The data used in the following stems from the epftoolbox. Please install the Python package as explained here before you execute the R code.
library(reticulate)
library(tidyverse)
# In case of multiple Python installations, set path to use_python("/path/to/python/epftoolbox")
# Import python "epftoolbox" and read the data
py_run_string("
import epftoolbox.data
result = epftoolbox.data.read_data(path='.', dataset='DE', years_test=0)

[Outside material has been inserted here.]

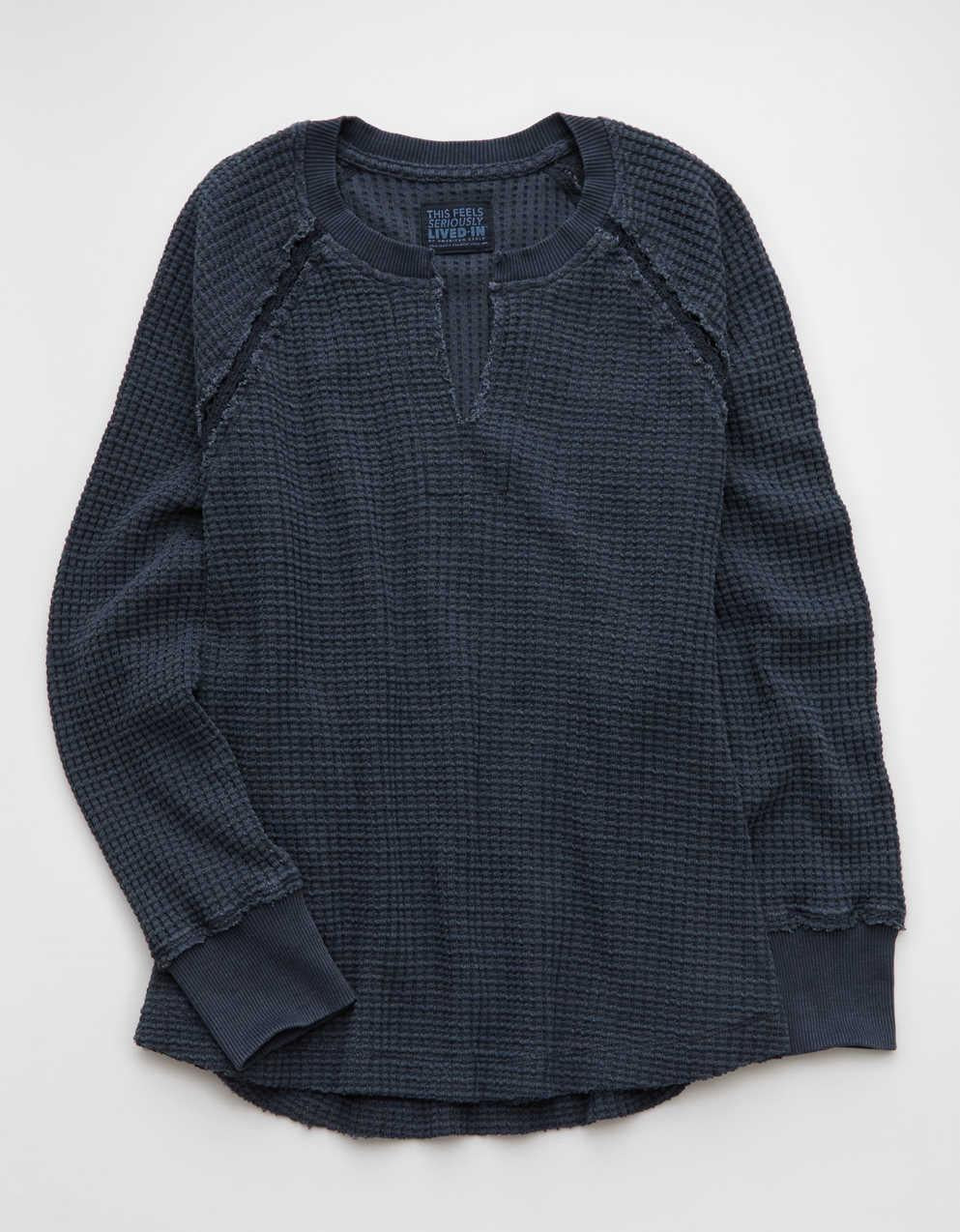 AE Big Hug Notch Neck Waffle Sweatshirt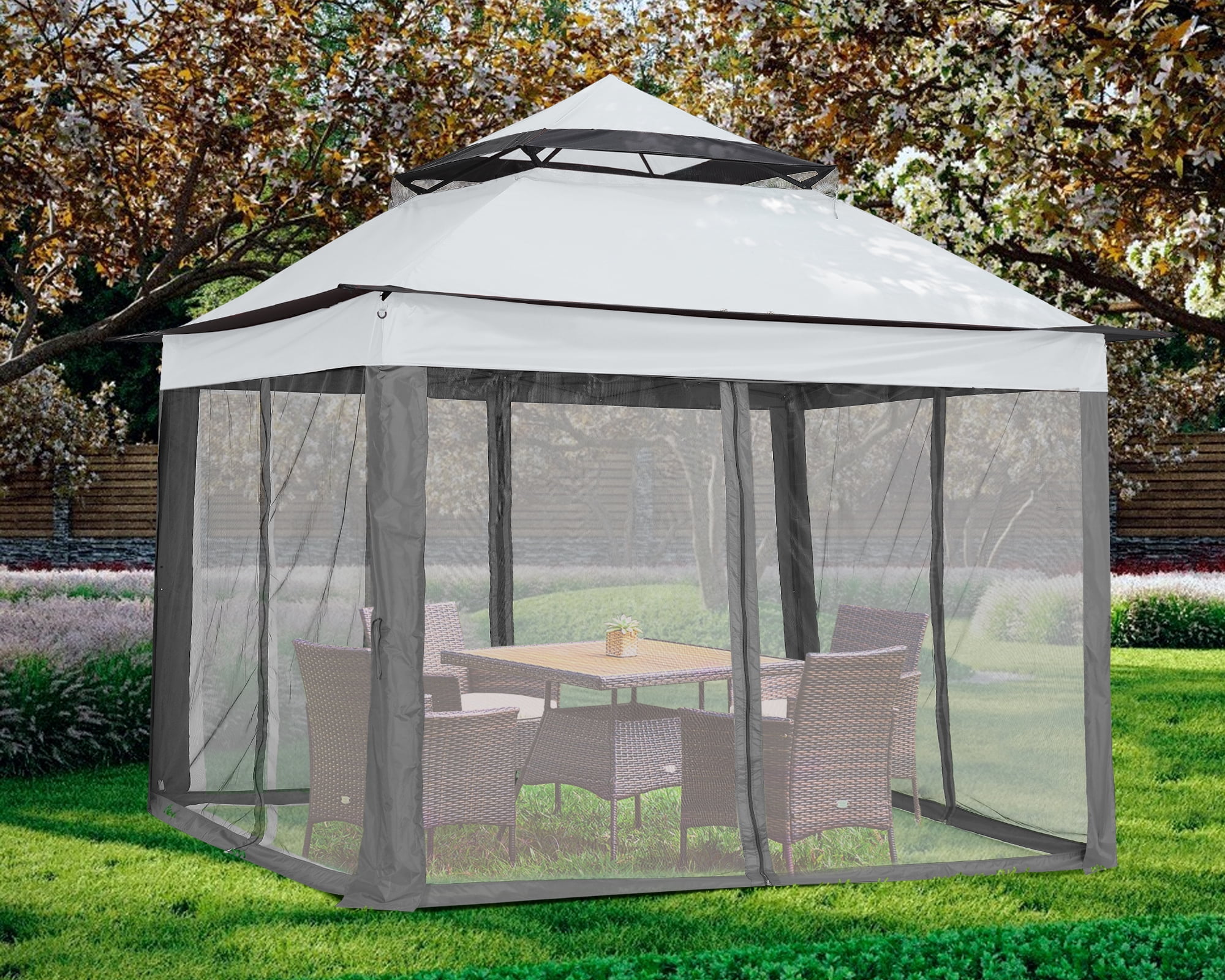 ABCCANOPY 13'x13' Gazebo Tent Outdoor Pop up Gazebo Canopy Shelter with Mosquito Netting, Brown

df = result[0] # Extract first element from tuple
df_unique = df.reset_index() # Reset index to handle duplicate timestamps
")
# Reshape electricity data and prepare variables
DE_epf_data <- as.data.frame(py$df_unique) %>%
mutate(index = as.character(index)) %>%
separate(index, c("Day", "Time"), "\\s+") %>%
rename("Load" = `Exogenous 1`,
"Wind_Solar_Gen" = `Exogenous 2`) %>%
mutate(Time = rep(0:23, times=2184),
Day = rep(1:2184,each=24),
Load = Load / 1000,
Wind_Solar_Gen = Wind_Solar_Gen / 1000)
reshape_to_wide <- function(data, value_column) {
pivot_wider(
data %>% select(Day, Time, !!sym(value_column)),
names_from = Time,
values_from = !!sym(value_column)
) %>%
select(-Day)
}
Price <- reshape_to_wide(DE_epf_data, "Price")
Load <- reshape_to_wide(DE_epf_data, "Load")

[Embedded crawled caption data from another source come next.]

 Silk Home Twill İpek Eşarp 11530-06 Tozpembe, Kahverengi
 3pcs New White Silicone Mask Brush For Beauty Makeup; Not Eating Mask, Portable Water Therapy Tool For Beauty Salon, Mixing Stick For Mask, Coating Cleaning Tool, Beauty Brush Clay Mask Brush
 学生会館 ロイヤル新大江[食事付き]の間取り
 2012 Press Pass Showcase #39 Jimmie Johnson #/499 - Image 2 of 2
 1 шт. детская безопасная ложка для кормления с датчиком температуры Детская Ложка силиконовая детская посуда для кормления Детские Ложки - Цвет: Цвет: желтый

Wind_Solar_Gen <- reshape_to_wide(DE_epf_data, "Wind_Solar_Gen")
# Concatenate regression variables to data list
data <- list(Price = as.matrix(Price),
Load = as.matrix(Load),
Wind_Solar_Gen = as.matrix(Wind_Solar_Gen))library(ffr)
# Estimate the number of factors for all functional predictor
K_EDresult <- fed(Price ~ . , data, gamma = 93)
print(K_EDresult$K)
# Fit a function-on-function linear model with scalar predictor
ffr_model <- flm(Price ~ . , data, K = K_EDresult$K)
# Save model summary
ffr_model_sum <- summary(ffr_model)
# Print model summary
print(ffr_model_sum)
# Visualize the coefficient and confidence region heatmaps for the electricity load predictor
plot(ffr_model_sum, predictor = "Load", which = "beta", conf.region = TRUE)
# Visualize the 3D coeffcient plot for the solar and windgeneration predictor
plot(ffr_model_sum, predictor = "Wind_Solar_Gen", which = "beta_3D", conf.region = FALSE)
# Visualize the pointwise p value heatmap for the electricity load predictor
plot(ffr_model_sum, predictor = "Load", which = "p")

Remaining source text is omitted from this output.